„Historie odnalezione Andrzeja Kobalczyka”

„Historie odnalezione” Andrzeja Kobalczyka ukazują się w stałym cyklu w piątkowych wydaniach „Tygodnika 7 Dni” – dodatku do „Dziennika Łódzkiego” (mutacja Tomaszów Mazowiecki, Opoczno).

Fabryka Piesch’a – „tomaszowskim Berlinem”

Na zdjęciu: Ćwiczenia tomaszowskich strażaków na szkole przy ul. Legionów. Archiwum Andrzeja KobalczykaObawa przed wybuchem wojny z Niemcami uwidoczniła się w Tomaszowie po dojściu Hitlera do władzy. Świadczyło o tym przeprowadzenie we wrześniu 1933 roku, po raz pierwszy w mieście, próbnego ataku gazowego. O powadze sytuacji świadczyło zastosowanie do niego prawdziwego gazu o małym stężeniu. Co prawda, użyto go na ograniczonej przestrzeni, ale ta próba wywarła wśród tomaszowian duże wrażenie.

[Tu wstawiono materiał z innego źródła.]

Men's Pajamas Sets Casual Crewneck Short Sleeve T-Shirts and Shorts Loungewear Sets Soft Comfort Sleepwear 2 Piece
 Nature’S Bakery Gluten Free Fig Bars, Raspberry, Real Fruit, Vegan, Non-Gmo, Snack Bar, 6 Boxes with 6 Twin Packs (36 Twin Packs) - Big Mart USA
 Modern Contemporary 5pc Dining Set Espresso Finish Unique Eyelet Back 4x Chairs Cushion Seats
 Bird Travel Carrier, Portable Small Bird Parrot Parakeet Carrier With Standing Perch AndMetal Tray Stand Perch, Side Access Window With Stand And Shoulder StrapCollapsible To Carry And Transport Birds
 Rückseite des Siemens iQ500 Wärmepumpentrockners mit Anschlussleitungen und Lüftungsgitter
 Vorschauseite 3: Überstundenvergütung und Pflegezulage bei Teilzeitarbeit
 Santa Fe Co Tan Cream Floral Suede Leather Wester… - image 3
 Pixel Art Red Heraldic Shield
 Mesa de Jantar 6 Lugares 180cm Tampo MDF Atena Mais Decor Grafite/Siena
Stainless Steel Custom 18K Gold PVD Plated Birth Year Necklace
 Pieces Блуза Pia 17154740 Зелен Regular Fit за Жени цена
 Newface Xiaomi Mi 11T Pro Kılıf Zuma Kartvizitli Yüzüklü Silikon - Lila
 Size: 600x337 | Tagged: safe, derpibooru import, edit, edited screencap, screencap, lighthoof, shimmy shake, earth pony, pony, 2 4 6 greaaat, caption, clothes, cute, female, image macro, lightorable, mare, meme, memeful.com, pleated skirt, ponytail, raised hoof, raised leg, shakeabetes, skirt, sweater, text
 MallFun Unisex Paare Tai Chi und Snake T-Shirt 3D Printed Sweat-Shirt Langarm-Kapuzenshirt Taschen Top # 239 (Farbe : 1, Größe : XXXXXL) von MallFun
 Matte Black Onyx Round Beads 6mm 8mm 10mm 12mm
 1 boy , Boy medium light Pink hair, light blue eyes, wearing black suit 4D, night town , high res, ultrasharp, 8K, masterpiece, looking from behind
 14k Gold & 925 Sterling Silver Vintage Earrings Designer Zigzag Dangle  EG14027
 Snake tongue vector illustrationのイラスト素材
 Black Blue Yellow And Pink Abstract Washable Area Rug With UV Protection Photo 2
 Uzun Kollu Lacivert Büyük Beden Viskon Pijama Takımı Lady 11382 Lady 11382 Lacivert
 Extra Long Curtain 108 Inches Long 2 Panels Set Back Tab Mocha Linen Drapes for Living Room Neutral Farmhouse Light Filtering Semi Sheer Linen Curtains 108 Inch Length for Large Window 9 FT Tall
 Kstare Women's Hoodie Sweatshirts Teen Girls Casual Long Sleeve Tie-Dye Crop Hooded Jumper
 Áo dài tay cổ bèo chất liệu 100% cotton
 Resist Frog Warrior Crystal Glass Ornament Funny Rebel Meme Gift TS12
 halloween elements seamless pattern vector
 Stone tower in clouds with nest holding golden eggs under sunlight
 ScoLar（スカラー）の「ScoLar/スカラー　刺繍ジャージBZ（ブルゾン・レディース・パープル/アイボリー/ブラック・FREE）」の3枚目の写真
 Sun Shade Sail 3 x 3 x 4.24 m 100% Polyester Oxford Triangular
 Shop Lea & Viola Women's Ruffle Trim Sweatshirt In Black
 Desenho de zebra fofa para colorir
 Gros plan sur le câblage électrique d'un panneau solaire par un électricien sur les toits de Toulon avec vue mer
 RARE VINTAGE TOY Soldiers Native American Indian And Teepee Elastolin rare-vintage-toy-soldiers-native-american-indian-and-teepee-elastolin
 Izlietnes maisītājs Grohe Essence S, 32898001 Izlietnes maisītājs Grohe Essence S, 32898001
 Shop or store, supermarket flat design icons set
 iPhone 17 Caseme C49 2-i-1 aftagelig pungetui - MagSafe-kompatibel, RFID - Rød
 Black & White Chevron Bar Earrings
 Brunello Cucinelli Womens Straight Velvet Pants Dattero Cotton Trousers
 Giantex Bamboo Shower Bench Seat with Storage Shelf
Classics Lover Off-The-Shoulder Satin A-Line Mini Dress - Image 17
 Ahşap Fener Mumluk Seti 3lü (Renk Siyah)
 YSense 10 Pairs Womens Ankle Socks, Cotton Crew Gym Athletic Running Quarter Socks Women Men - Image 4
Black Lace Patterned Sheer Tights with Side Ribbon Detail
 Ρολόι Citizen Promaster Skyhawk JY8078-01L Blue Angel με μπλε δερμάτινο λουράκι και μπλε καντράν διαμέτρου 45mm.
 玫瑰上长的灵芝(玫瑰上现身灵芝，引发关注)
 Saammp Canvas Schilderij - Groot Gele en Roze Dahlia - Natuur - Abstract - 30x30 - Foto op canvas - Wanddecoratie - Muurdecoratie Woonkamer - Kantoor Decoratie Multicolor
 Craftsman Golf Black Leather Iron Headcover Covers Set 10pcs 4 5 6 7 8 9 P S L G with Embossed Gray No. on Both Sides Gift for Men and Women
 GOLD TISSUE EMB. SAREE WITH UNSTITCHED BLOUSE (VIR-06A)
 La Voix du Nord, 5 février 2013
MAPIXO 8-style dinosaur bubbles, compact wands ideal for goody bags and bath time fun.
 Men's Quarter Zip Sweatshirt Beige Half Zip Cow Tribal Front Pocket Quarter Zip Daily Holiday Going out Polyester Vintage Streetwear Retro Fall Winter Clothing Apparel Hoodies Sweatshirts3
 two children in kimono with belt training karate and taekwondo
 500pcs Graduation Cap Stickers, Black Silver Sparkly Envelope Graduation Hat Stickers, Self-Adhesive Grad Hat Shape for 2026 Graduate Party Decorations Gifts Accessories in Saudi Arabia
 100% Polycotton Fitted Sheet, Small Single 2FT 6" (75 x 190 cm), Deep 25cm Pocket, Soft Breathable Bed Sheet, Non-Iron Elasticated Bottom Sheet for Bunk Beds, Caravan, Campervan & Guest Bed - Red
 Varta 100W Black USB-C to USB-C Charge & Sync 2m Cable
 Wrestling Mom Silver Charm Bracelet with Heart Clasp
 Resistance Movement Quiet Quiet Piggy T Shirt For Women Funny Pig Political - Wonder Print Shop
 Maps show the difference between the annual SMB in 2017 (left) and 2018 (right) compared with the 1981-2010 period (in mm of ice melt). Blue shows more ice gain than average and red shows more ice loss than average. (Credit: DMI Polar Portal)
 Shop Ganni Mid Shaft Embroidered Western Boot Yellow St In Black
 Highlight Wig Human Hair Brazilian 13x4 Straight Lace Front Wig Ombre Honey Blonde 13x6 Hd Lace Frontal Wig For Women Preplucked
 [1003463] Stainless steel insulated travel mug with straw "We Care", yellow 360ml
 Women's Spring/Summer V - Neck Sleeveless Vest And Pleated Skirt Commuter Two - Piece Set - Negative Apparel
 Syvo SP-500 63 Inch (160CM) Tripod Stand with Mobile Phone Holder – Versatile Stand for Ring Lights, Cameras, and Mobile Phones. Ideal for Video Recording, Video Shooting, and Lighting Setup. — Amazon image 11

W zapowiedzi ćwiczeń, zamieszczonej 7 września tegoż roku w łódzkim „Głosie Porannym”, podano, że o rozpoczęciu ataku gazowego mieszkańcy zostaną powiadomieniu gwizdem syren fabrycznych. Z tą chwilą wszelki ruch w mieście miał zostać całkowicie wstrzymany. Całe miasto miało zostać pozbawione energii elektrycznej. Po zapadnięciu zmroku mieszkańcy musieli zgasić w swoich domach wszystkie inne źródła światła lub szczelnie zasłonić okna.

„Wszyscy znajdujący się na ulicy winni w ciągu najbliższych dwóch minut schronić się do swych mieszkań, względnie do lokali publicznych. Bramy muszą być zamknięte. Schrony publiczne znajdować się będą w kinie Modern, szkołach powszechnych przy ul. Tkackiej i Legionów, gimnazjum miejskiem przy ul. Antoniego, szkole powszechnej w Starzycach i przy ul. Warszawskiej, w gmachu szkolnym przy ul. Kolejowej. W wypadku zatrucia gazami należy się zwrócić do ambulatoriów w Starzycach, Wilanowie i przy ul. Św. Tekli” – instruowano w gazecie.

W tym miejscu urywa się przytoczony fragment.